According to a New York City DOT TRU-program brochure, the Hunts Point market leans on nearly 1,000 stationary refrigerated trailers that run day and night, turning them into a tightly packed source of fine-particulate and NOx pollution for surrounding blocks. DOT materials note that earlier incentive rounds already swapped out dozens of the oldest engines and that moving to hybrid or electric technologies delivers measurable local emissions cuts.

"Replacing just one of these units avoids the particulate matter, the emissions of 330 truck trips per day on the Cross Bronx Expressway," MTA Chair and CEO Janno Lieber said at the event. Officials told reporters the city has already replaced 20 units and plans to swap more than 70 additional TRUs this year, according to News 12 New York. Lieber and other supporters pitched the upgrades as a fast, high-leverage way to trim concentrated pollution while slower, big-ticket infrastructure changes grind forward. Market operators and health advocates have pushed for exactly this kind of targeted spending for years, pointing to the neighborhood's stubbornly high asthma rates.
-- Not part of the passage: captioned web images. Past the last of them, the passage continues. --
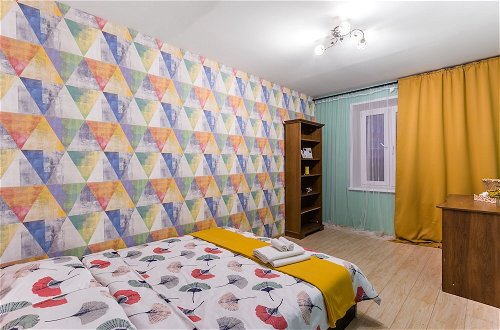 Photo 1 - Apartment on Kozhevnivheski Vrazhek 3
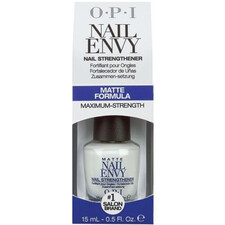 OPI NAIL ENVY MATTE FORMULA NAIL STRENGTHENER NTT82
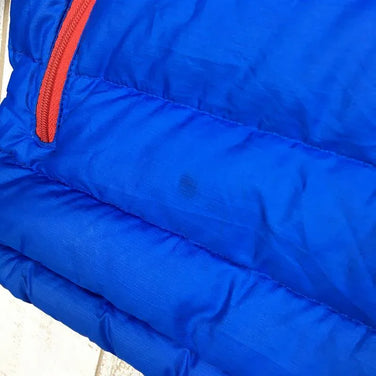 【Men's S ブルー系】 Patagonia ( パタゴニア ) ダウン セーター Down Sweater 800Fp ダウン ジャケット 84673 International Men's ダウンインサレーション アウター ジャケット トップス ウェア - 【公式】2ndGEAR（セカンドギア）Webショップ【登山用品・アウトドア用品専門 買取販売店】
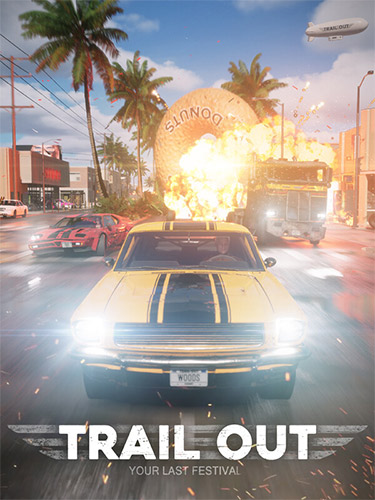 TRAIL OUT: Complete v3.0 (Last Pursuit Update) + 5 DLCs + Windows 7 Fix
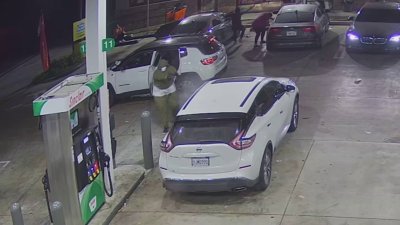 Seeking Justice: Marquette Scott shot and killed at gas station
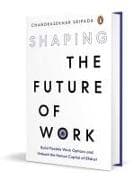Shaping the Future of Work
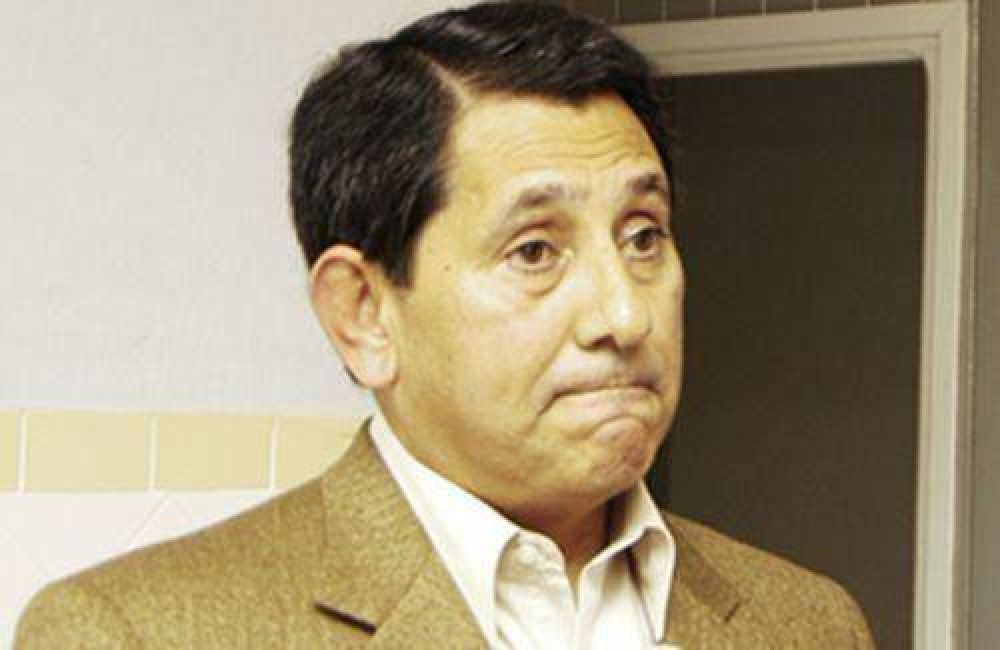 Franco: �El incremento del boleto es razonable�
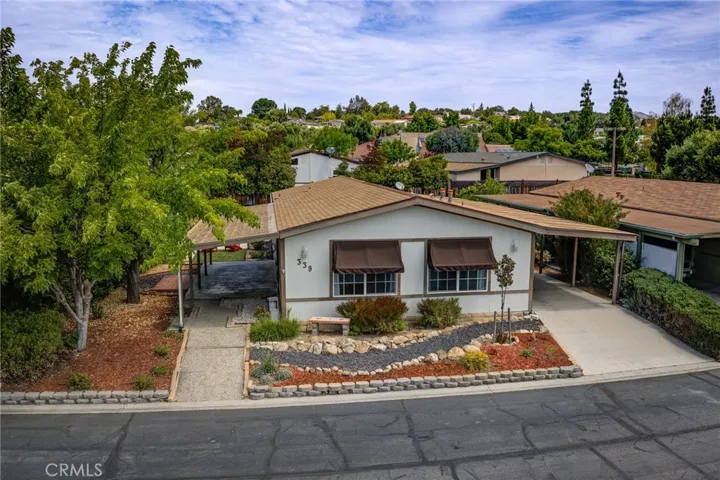 339 Partridge, Paso Robles, California 93446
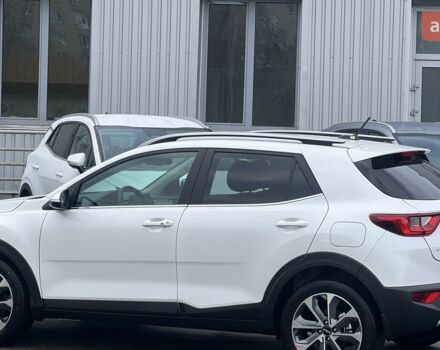 купити нове авто Кіа Stonic 2024 року від офіційного дилера Рівне-Авто Кіа фото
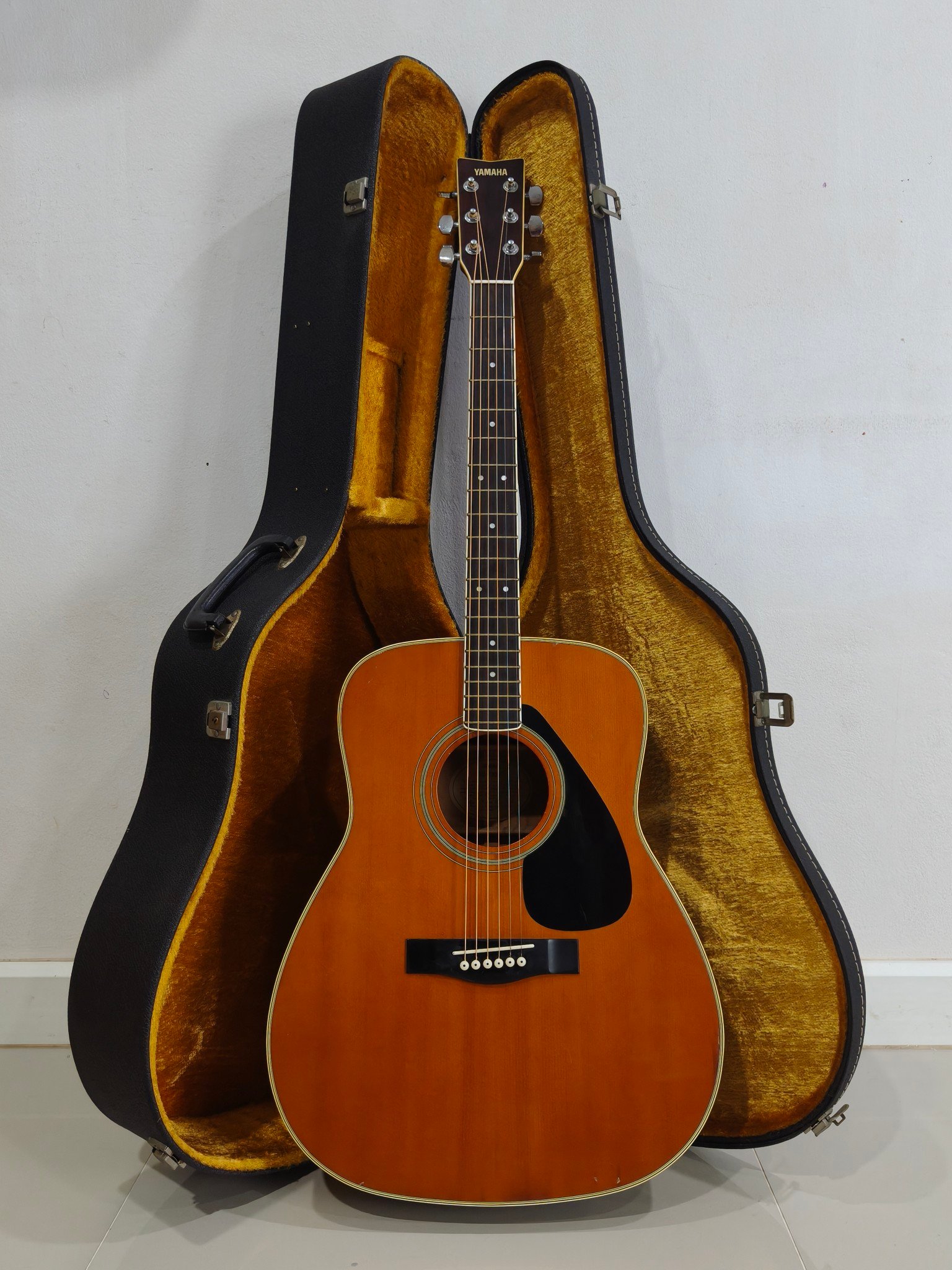 ขายแล้ว Yamaha Fg730 Taiwan... - สหายดนตรี มิวสิค | Facebook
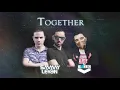 Download Lagu SAMMY \u0026 LESEN Ft. ML3NNON - Together (Official Visualizer)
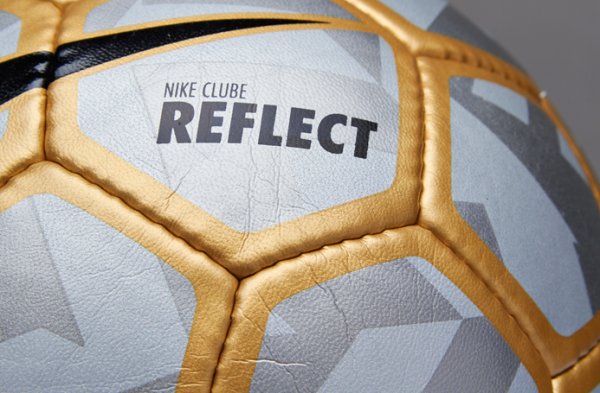Футзальный мяч Nike FootballX Club 16 | Профи | SC2742-016 SC2742-016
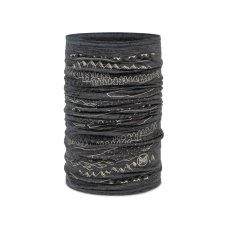 Multifunkčná šatka BUFF LW Merino wool - Eirik Grey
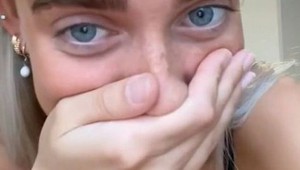 Horší výsledok domáceho farbenia obočia ste ešte nevideli: Pomóc, TO je katastrofa!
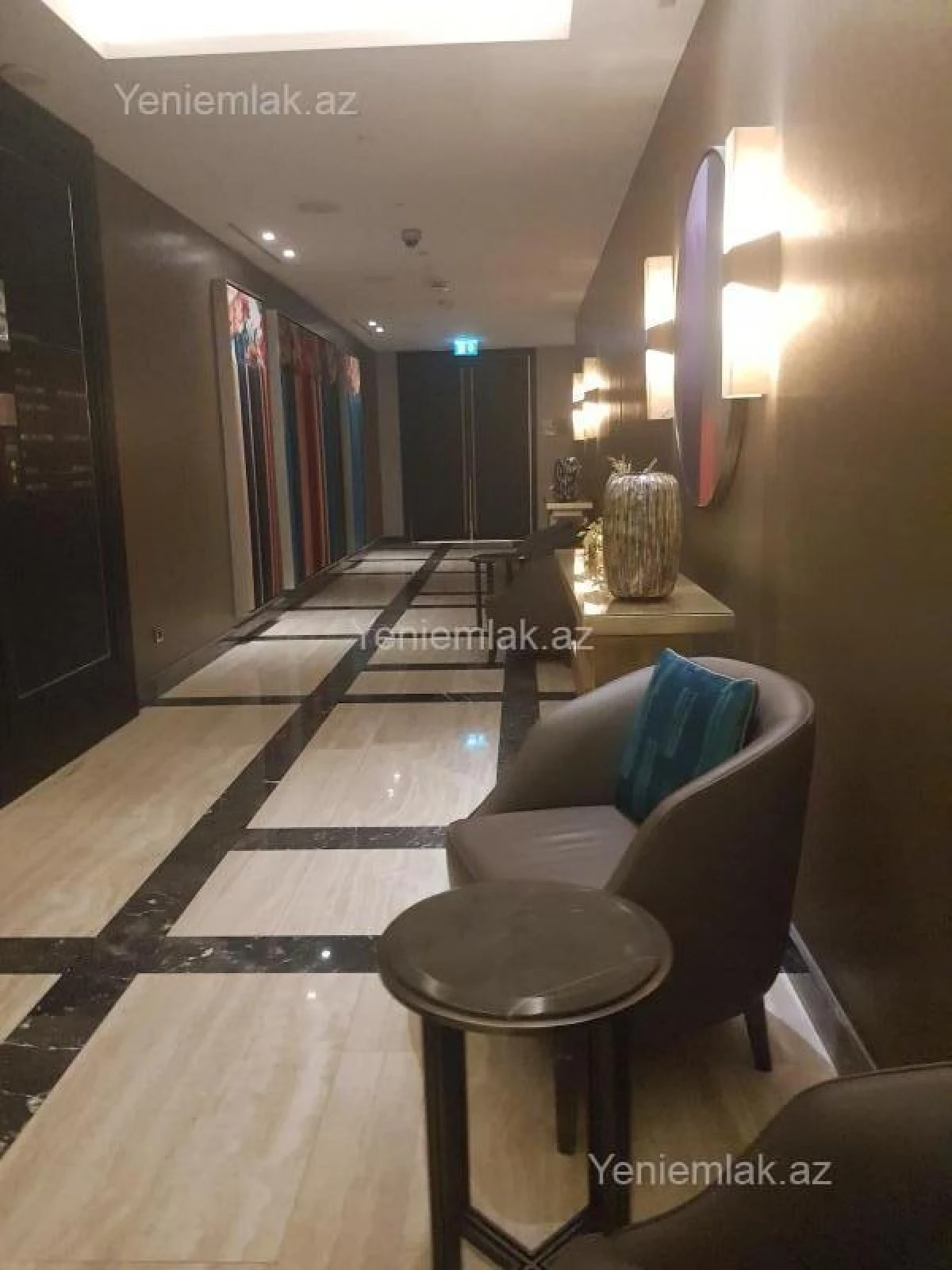 Satılır 4 otaqlı yeni tikili 227 m²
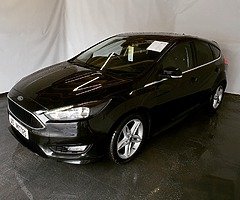 FORD FOCUS ZETEC - Image 3/8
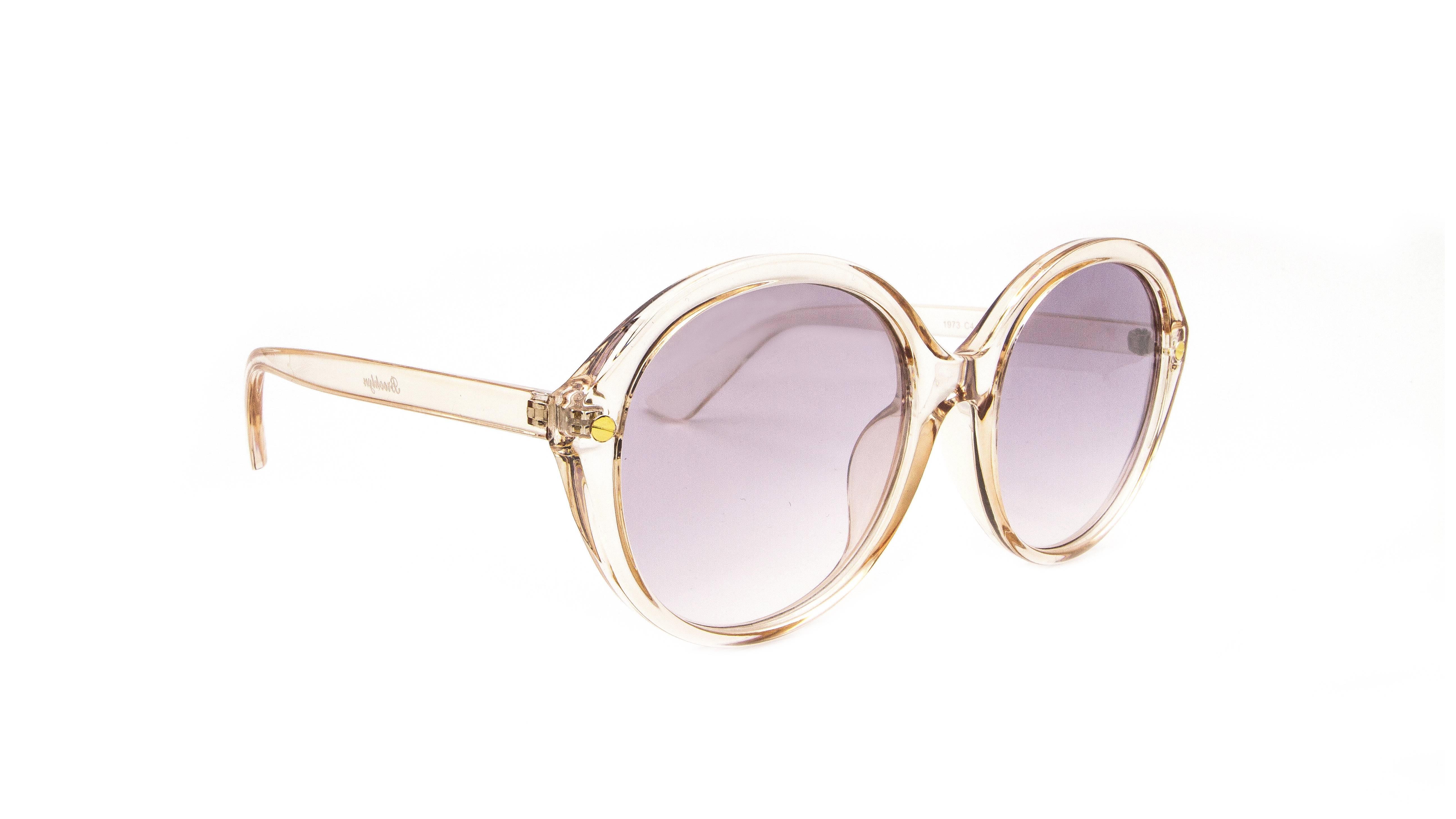 SUNGLASS WOMENS "BROOKLYN" SW023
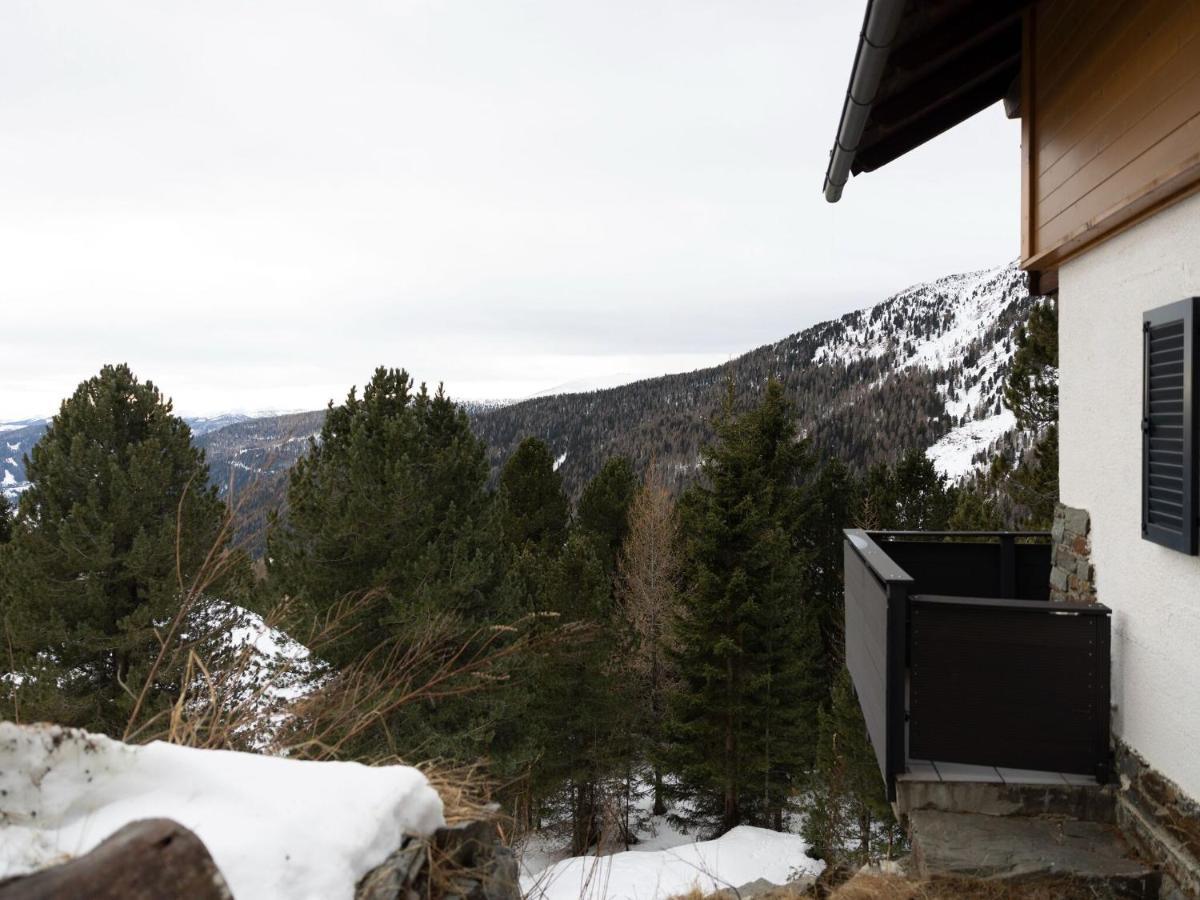 Holiday home Directly In The Turracher H He Area *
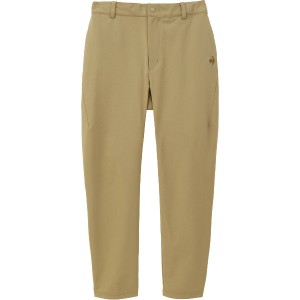 ルコック Le coq sportif LCS Plumeクロス AIR STYLISH PANTS Loeuf forme 前開き ウインドパンツ ウィメンズ QMWXJD31-BG レディース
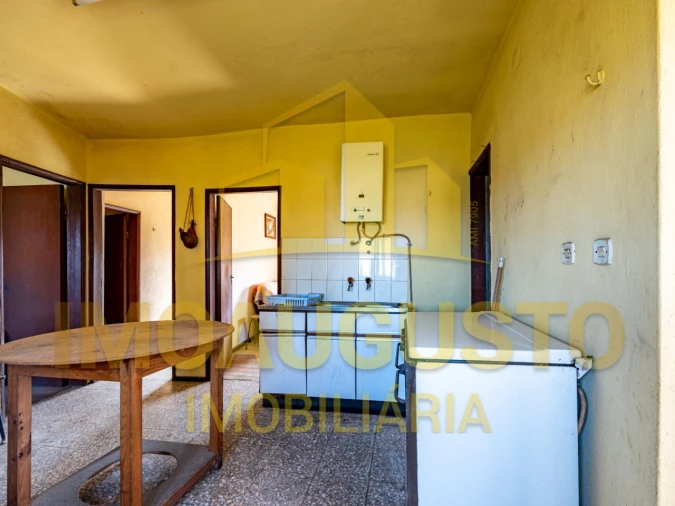 Moradia T2 para Venda em Alverca da Beira/Bouça Cova Foto 7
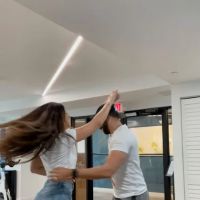 Randy Santos Dance Studio ico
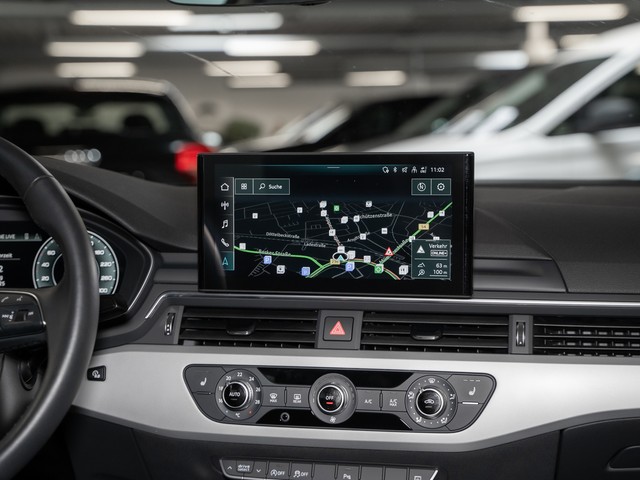 Audi A5 35 TDI S-Tronic Sportback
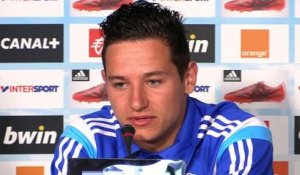 OM: Thauvin et son entente avec le groupe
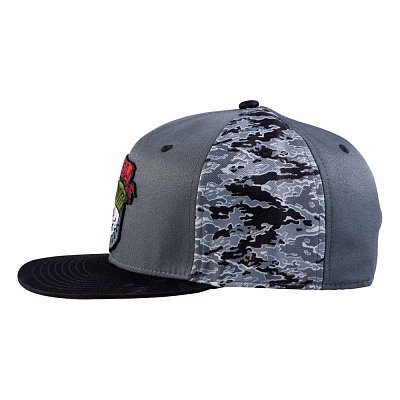 Call of Duty: Black Ops Cold War Snapback Cap Squad Patch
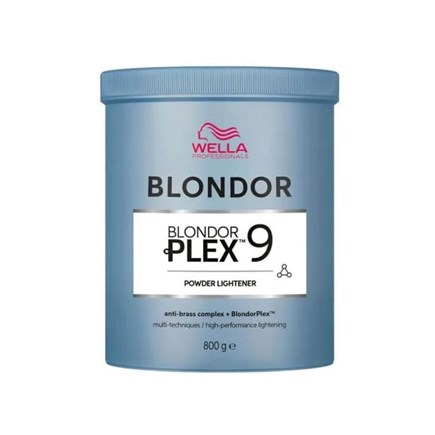Wella Professionals Blondor Plex Multi Blonde 800g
What the mitigation package includes

The mitigation package tied to congestion pricing does not stop at TRUs. It also reserves money for asthma case management and a Bronx asthma center, more electric-truck charging infrastructure, and new greenspace and roadside vegetation meant to soften the impact of nearby highways, as outlined by the governor's office. The Final EA and related MTA tables list the TRU line item alongside roughly $125 million in regional and place-based measures that aim to cut truck emissions in communities that bear the brunt of traffic. Officials say the mix is designed to pair immediate pollution reductions with longer-term investments in cleaner freight and safer, healthier streets.

Legal and oversight context

The mitigation promises, including the $15 million set aside for TRUs, are baked into the congestion-pricing Final Environmental Assessment and cited in court filings, which makes them part of the formal mitigation record, according to court documents. Those filings show the program's sponsors agreed to place-based measures at Hunts Point specifically to address disproportionate health impacts in environmental-justice census tracts. Because the commitments live in the EA and related court materials, implementation and monitoring will be tracked through the program's compliance process.

For nearby residents, the most tangible shift will be cleaner air on the blocks around the market. For the market itself, the TRU replacements are one more step in a years-long modernization effort that city agencies and redevelopment partners have been pressing. Officials said the new units will be prioritized where they cut exposure the fastest and that follow-up monitoring will guide what comes next. Community groups, well accustomed to waiting on promised fixes, say they will keep a close eye on how the first wave of work unfolds this year.